The start and end of the documents are not very interesting in this application, so we simply do a println() to show that the application occurred. The elements are processed by the startElement() method and the endElement() method. startElement() does two things: It resets the buffer to empty it and processes the attributes, if any, of the element. In the case of custID, the value is kept in an attribute, not in a subelement:
for ( int i=0; i < attr.getLength(); i++)
{
String attrName = attr.getLocalName(i);
if (attrName.equals("custID"))
{
custIDString = attr.getValue(i);
}
if (attrName.equals("cruiseID"))
{
cruiseIDString = attr.getValue(i);
}
}
If a tag has attributes, they will be kept in a list that implements the org.xml.sax.Attributes interface. This list has methods to get the name and the value. These are stored in class level variables so that we can keep all the TicketRequest2 class updates in one method, making the example easier to follow.
The storeElementValue() accepts as a parameter the name of the element to be stored. It then copies what is in the buffer and passes this to the mutator method for that value in the TicketRequest2 object. Some data type conversion takes place to store the values in the int fields.
Notice that the attributes are retrieved from the class level variables and placed in the object when a closing tag is encountered for their element.

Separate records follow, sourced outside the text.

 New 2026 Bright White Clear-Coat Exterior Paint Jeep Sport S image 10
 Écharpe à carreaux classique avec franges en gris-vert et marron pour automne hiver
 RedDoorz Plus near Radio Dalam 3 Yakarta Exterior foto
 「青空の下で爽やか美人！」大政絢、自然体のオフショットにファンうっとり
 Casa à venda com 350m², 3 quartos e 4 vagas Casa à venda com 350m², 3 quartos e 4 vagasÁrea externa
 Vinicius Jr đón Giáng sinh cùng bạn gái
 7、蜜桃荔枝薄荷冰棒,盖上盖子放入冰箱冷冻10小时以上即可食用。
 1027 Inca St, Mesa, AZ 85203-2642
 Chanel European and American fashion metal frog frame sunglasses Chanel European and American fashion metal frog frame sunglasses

A slightly different processing takes place for the isCommissionable element. The presence of this element indicates that a commission will be paid on this booking. It has no value to store, so the code infers that true is the correct value and sets it accordingly.
The result is output using the toString() method of the TicketRequestParser class, which simply calls the toString() method of the TicketRequest2 class.
Running the TicketRequestParser's main() gives us the following results:
TicketRequestParser main() startDocument() called endDocument() called ------------------------------------------------ custID = 10003 lastName = Carter firstName = Joseph ------------------------------------------------ cruiseID = 3004 destination = Hawaii port = Honolulu sailing = 7/7/2001 numberOfTickets = 5 isCommissionable = true ------------------------------------------------\
There are not a lot of surprises here. The TicketRequestParser is doing a lot of work, but its job is to translate an XML document that represents a specific object into that object. We will see later how this code can be used to create asynchronous processing of distributed objects.